▸ Aim of the task: What you print should match the entries exactly, only without the pictures.

Information supplied Start Marker

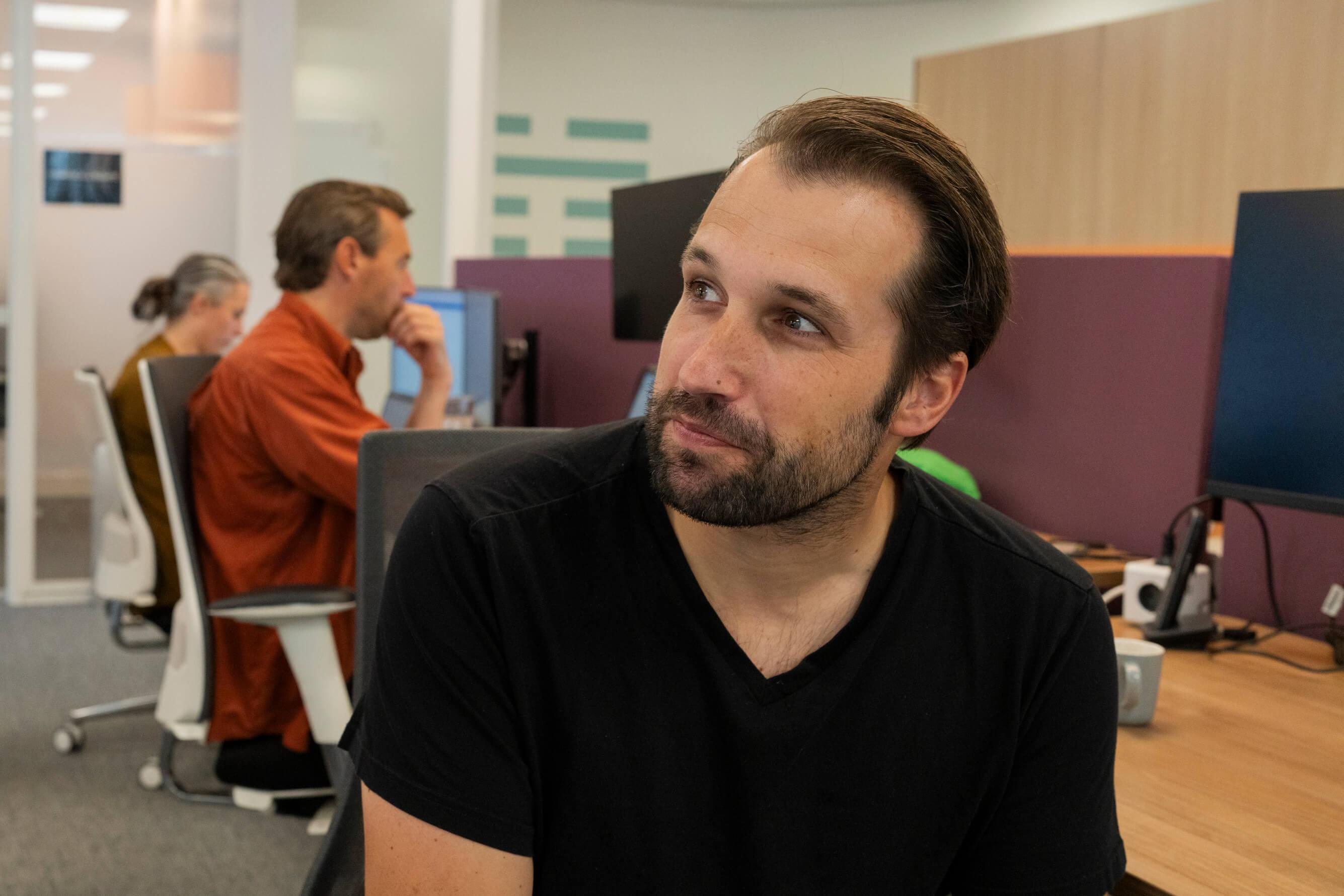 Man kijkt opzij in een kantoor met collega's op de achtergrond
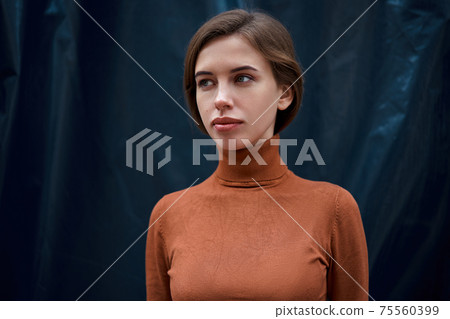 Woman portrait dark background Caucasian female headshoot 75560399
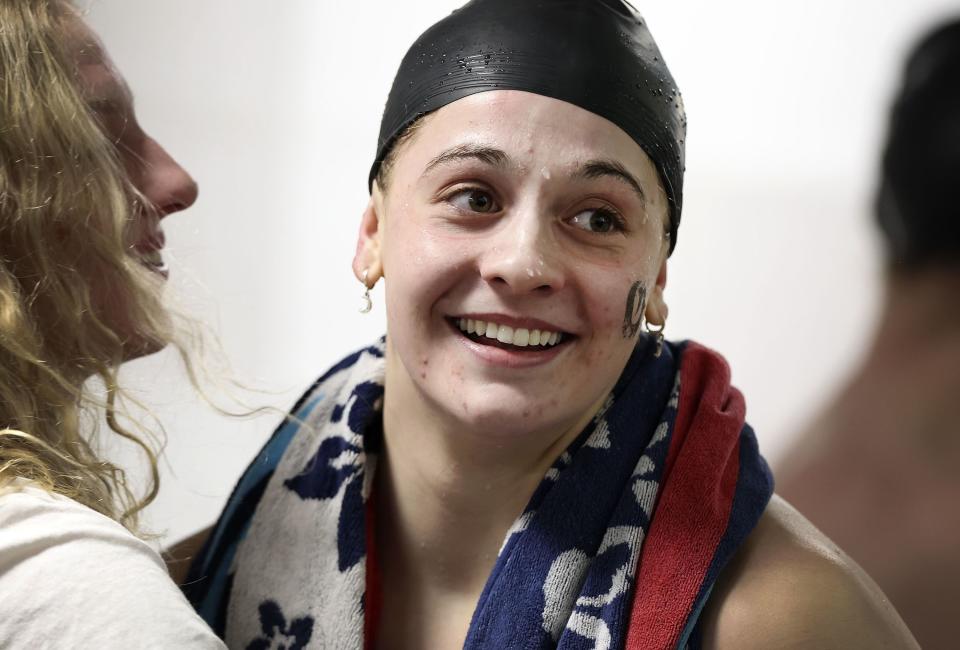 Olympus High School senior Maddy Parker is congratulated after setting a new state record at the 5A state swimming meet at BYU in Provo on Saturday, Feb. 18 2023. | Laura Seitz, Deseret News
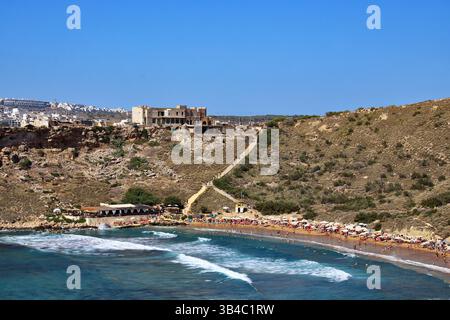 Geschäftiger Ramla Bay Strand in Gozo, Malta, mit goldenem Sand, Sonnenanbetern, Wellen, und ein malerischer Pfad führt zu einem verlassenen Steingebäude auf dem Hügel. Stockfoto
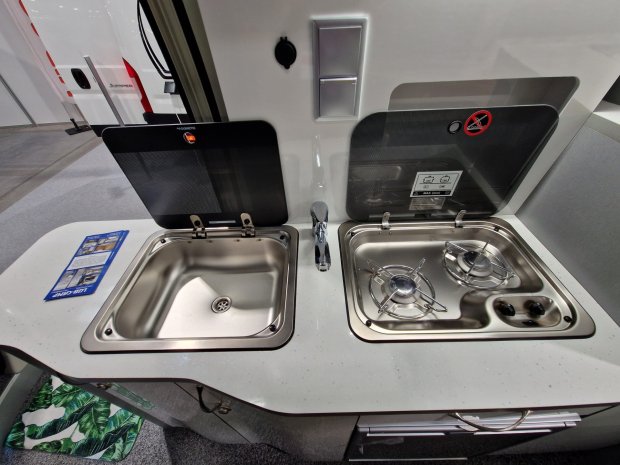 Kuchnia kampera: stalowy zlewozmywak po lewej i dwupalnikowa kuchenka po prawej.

Information supplied End Marker

▸ Written response:
 Man kijkt opzij in een kantoor met collega's op de achtergrond
 Woman portrait dark background Caucasian female headshoot 75560399
 Olympus High School senior Maddy Parker is congratulated after setting a new state record at the 5A state swimming meet at BYU in Provo on Saturday, Feb. 18 2023. | Laura Seitz, Deseret News
 Geschäftiger Ramla Bay Strand in Gozo, Malta, mit goldenem Sand, Sonnenanbetern, Wellen, und ein malerischer Pfad führt zu einem verlassenen Steingebäude auf dem Hügel. Stockfoto
 Kuchnia kampera: stalowy zlewozmywak po lewej i dwupalnikowa kuchenka po prawej.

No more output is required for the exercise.